FoxDifferential.Completed.Continuous.Universal.System
This module sets up the finite-stage and inverse-limit description of the construction. It records the stage maps, projections, and comparison lemmas used to pass back to the completed object.
def zcCompletedDifferentialModuleStageSystem :
InverseSystem (I := ZCCompletedDifferentialModuleIndex C ψ) where
X := fun i => ZCCompletedDifferentialModuleStage C ψ i
topologicalSpace := fun _ => ⊥
map := fun {i j} hij => zcCompletedDifferentialModuleStageTransition C ψ hij
continuous_map := by
intro i j hij
letI : TopologicalSpace (ZCCompletedDifferentialModuleStage C ψ i) := ⊥
letI : TopologicalSpace (ZCCompletedDifferentialModuleStage C ψ j) := ⊥
letI : DiscreteTopology (ZCCompletedDifferentialModuleStage C ψ j) := ⟨rfl⟩
exact continuous_of_discreteTopology
map_id := by
intro i
funext x
exact congrFun
(congrArg DFunLike.coe
(zcCompletedDifferentialModuleStageTransition_id C ψ i)) x
map_comp := by
intro i j k hij hjk
funext x
exact congrFun
(congrArg DFunLike.coe
(zcCompletedDifferentialModuleStageTransition_comp C ψ hij hjk)) xThe inverse system of finite source, target, and coefficient stages of \(A_{\psi}(C)\).
instance instAddCommGroupZCCompletedDifferentialModuleStageSystemStage
(i : ZCCompletedDifferentialModuleIndex C ψ) :
AddCommGroup ((zcCompletedDifferentialModuleStageSystem C ψ).X i) := by
dsimp [zcCompletedDifferentialModuleStageSystem]
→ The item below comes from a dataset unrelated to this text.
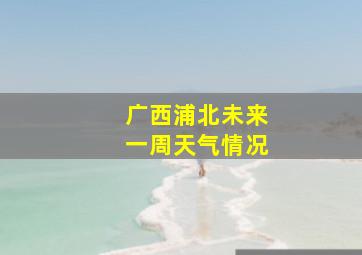 广西浦北未来一周天气情况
infer_instanceAddition in the finite-stage completed differential-module system is defined coordinatewise.
instance instIsAddGroupSystemZCCompletedDifferentialModuleStageSystem :
IsAddGroupSystem (zcCompletedDifferentialModuleStageSystem C ψ) where
map_zero := by
intro i j hij
exact (zcCompletedDifferentialModuleStageTransition C ψ hij).map_zero
map_add := by
intro i j hij x y
exact (zcCompletedDifferentialModuleStageTransition C ψ hij).map_add x y
map_neg := by
intro i j hij x
exact map_neg (zcCompletedDifferentialModuleStageTransition C ψ hij) xThe inverse system of finite-stage group algebras has addition defined coordinatewise on compatible families.
theorem zcCompletedDifferentialModuleStageSystem_map_apply
{i j : ZCCompletedDifferentialModuleIndex C ψ} (hij : i ≤ j)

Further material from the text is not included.